_What is required_
With both ends included, repeat exactly the lines of the entries below from the one containing "Кровать Ikea Tyssedal" down to the one containing "Preeclampsia risk and", and no others.

━━━━━ Input records ━━━━━

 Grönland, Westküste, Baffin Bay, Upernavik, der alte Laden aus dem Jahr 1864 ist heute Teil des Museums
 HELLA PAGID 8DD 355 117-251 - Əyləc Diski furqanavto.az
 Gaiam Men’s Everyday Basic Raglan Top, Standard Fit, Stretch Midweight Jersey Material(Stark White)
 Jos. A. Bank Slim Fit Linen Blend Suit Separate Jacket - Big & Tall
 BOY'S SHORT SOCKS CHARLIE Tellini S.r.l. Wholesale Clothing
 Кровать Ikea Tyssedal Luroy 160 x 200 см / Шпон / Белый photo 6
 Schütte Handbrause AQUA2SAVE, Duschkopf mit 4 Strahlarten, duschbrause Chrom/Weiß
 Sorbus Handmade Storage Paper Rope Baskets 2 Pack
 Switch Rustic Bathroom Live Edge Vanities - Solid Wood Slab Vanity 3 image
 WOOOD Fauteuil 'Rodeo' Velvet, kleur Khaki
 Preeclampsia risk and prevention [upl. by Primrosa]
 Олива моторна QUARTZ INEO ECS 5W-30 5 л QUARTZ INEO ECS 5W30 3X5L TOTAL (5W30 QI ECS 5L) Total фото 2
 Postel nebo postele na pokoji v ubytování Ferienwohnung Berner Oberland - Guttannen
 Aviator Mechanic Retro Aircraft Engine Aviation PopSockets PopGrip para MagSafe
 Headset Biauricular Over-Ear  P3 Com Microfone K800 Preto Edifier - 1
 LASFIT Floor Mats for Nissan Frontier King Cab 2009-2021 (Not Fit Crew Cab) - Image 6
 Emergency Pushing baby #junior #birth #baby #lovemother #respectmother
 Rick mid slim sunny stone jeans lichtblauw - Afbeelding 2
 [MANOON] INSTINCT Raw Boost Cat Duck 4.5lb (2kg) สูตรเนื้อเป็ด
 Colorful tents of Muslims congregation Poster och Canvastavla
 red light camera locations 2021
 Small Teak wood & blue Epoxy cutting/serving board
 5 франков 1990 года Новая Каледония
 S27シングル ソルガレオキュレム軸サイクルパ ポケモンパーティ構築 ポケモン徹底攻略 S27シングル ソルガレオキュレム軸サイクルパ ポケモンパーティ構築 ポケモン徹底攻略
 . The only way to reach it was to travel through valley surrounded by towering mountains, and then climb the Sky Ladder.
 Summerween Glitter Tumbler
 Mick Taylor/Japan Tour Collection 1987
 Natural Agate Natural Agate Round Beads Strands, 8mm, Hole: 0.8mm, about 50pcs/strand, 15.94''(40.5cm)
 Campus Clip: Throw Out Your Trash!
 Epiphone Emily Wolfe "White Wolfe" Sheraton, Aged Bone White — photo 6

━━━━━

_Response to the task_
 Кровать Ikea Tyssedal Luroy 160 x 200 см / Шпон / Белый photo 6
 Schütte Handbrause AQUA2SAVE, Duschkopf mit 4 Strahlarten, duschbrause Chrom/Weiß
 Sorbus Handmade Storage Paper Rope Baskets 2 Pack
 Switch Rustic Bathroom Live Edge Vanities - Solid Wood Slab Vanity 3 image
 WOOOD Fauteuil 'Rodeo' Velvet, kleur Khaki
 Preeclampsia risk and prevention [upl. by Primrosa]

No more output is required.